What you are asked to do ->
The response must consist of the lines below from the one with "Lanud Sultan Hasanuddin" through the one with "Mercedes-Benz B 180 d Urban Aut. - 20", exactly as they appear and with both ends kept.

Information given ->
☆ ☆ ☆ ☆

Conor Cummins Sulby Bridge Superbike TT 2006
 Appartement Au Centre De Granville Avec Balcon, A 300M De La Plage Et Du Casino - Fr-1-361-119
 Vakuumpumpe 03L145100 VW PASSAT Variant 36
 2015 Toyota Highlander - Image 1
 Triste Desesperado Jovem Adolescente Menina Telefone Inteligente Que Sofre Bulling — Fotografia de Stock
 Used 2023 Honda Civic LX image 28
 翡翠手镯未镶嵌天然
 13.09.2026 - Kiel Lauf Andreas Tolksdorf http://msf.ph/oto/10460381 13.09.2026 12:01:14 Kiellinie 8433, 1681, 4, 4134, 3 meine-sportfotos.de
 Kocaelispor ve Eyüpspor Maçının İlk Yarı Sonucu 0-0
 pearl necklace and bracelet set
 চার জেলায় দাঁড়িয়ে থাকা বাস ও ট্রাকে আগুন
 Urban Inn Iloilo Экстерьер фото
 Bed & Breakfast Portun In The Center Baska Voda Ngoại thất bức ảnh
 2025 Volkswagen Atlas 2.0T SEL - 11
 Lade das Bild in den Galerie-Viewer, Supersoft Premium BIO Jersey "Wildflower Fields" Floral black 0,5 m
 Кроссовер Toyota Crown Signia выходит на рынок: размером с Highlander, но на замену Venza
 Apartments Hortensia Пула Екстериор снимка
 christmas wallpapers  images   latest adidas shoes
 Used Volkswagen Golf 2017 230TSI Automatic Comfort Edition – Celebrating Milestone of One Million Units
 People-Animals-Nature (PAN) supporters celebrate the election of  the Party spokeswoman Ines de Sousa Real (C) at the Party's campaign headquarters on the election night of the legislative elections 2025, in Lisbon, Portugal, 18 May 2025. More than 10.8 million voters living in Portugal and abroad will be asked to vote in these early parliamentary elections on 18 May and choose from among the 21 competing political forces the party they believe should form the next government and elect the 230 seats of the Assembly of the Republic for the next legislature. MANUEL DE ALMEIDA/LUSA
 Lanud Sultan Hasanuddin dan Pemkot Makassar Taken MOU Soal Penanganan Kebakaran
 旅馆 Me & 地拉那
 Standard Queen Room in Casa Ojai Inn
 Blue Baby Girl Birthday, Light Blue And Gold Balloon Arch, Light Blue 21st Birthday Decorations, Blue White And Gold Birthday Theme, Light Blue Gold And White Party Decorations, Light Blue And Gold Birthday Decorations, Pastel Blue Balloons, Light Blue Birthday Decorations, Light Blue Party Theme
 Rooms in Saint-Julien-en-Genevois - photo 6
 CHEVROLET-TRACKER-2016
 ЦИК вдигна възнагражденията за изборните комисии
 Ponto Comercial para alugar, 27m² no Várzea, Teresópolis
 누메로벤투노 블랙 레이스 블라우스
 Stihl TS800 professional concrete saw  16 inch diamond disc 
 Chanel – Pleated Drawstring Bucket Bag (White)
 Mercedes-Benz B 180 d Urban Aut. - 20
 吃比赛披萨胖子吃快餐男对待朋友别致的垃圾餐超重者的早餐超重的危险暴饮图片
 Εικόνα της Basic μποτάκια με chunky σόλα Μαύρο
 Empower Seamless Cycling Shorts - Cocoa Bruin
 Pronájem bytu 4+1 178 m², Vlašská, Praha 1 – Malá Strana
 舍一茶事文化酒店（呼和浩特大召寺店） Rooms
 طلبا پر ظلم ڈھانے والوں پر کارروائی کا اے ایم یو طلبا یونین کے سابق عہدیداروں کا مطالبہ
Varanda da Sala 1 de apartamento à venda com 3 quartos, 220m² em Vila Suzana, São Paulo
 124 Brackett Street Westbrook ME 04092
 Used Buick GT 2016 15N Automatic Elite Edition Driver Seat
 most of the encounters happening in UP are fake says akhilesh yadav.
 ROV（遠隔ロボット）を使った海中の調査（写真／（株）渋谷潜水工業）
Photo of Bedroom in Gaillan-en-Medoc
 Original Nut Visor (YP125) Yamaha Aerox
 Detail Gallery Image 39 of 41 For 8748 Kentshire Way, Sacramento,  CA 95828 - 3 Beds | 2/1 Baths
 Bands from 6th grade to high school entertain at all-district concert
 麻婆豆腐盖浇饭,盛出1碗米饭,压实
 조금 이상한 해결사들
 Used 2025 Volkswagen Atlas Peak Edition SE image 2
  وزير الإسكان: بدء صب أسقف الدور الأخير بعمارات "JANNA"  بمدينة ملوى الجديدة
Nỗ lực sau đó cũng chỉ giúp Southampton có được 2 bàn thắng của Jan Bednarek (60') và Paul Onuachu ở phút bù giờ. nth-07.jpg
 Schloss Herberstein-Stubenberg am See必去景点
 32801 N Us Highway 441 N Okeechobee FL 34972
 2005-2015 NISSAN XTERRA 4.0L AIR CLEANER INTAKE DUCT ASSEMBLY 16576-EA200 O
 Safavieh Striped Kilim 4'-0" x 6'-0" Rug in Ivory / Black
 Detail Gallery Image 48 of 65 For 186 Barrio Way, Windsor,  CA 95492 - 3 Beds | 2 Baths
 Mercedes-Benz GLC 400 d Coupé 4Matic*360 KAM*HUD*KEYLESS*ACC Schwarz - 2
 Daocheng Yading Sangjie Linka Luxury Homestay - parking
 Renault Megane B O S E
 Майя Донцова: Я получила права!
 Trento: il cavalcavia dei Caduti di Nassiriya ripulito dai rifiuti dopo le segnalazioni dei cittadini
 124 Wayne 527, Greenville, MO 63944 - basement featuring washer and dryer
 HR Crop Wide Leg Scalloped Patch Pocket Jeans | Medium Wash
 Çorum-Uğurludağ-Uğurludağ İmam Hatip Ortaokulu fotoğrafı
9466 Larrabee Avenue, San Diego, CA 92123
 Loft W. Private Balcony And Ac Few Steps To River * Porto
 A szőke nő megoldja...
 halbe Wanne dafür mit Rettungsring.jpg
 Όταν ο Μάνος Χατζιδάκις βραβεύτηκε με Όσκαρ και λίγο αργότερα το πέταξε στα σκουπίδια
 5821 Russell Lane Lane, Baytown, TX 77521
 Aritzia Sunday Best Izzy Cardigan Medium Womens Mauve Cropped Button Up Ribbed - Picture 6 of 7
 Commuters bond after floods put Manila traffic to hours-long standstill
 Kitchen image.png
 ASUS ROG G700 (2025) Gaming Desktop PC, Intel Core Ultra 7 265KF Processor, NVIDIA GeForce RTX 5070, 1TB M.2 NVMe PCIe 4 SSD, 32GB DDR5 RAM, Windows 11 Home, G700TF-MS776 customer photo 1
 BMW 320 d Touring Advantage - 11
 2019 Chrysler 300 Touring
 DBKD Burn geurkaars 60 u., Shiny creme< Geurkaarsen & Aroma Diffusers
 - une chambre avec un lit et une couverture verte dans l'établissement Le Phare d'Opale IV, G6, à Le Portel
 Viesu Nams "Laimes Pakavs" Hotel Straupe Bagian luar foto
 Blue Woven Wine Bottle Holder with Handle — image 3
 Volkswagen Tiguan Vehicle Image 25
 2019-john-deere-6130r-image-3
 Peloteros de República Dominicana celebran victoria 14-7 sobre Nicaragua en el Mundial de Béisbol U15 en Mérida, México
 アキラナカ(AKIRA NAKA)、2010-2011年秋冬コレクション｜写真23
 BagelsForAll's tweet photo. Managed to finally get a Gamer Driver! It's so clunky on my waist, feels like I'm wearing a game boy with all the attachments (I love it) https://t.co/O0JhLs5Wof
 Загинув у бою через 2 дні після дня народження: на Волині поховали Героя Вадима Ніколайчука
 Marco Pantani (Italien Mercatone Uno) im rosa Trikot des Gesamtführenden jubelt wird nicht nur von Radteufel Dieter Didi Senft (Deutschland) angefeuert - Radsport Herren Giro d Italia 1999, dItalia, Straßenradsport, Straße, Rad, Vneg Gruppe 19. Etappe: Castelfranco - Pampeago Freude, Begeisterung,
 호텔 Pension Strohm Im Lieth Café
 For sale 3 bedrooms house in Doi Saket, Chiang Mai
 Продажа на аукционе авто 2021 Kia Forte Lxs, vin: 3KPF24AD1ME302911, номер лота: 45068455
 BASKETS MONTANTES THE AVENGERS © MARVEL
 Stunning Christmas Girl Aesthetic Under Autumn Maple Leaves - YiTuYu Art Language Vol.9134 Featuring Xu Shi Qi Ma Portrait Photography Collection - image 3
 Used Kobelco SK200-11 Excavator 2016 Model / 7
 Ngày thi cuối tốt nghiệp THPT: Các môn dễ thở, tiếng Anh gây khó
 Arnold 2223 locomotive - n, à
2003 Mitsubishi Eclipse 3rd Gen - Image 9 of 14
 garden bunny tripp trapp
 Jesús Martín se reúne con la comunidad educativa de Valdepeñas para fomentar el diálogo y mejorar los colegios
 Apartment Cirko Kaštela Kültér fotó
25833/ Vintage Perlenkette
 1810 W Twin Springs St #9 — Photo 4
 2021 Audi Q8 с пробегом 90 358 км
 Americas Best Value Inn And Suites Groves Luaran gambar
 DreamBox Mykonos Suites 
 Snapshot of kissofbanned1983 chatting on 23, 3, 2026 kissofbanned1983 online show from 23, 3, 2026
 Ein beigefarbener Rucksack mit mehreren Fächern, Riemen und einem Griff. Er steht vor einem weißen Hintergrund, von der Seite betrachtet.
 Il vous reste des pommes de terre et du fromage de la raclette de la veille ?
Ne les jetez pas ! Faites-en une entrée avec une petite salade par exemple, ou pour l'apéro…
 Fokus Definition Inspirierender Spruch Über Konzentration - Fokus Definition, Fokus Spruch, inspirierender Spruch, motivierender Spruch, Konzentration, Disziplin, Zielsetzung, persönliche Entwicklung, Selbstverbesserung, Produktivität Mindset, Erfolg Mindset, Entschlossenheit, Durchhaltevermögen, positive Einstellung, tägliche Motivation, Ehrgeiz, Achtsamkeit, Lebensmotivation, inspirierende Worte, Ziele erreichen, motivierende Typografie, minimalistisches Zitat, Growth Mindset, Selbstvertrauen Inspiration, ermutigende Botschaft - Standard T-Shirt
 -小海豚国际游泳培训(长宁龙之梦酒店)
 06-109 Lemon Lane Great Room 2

☆ ☆ ☆ ☆

Solution ->
 Lanud Sultan Hasanuddin dan Pemkot Makassar Taken MOU Soal Penanganan Kebakaran
 旅馆 Me & 地拉那
 Standard Queen Room in Casa Ojai Inn
 Blue Baby Girl Birthday, Light Blue And Gold Balloon Arch, Light Blue 21st Birthday Decorations, Blue White And Gold Birthday Theme, Light Blue Gold And White Party Decorations, Light Blue And Gold Birthday Decorations, Pastel Blue Balloons, Light Blue Birthday Decorations, Light Blue Party Theme
 Rooms in Saint-Julien-en-Genevois - photo 6
 CHEVROLET-TRACKER-2016
 ЦИК вдигна възнагражденията за изборните комисии
 Ponto Comercial para alugar, 27m² no Várzea, Teresópolis
 누메로벤투노 블랙 레이스 블라우스
 Stihl TS800 professional concrete saw  16 inch diamond disc 
 Chanel – Pleated Drawstring Bucket Bag (White)
 Mercedes-Benz B 180 d Urban Aut. - 20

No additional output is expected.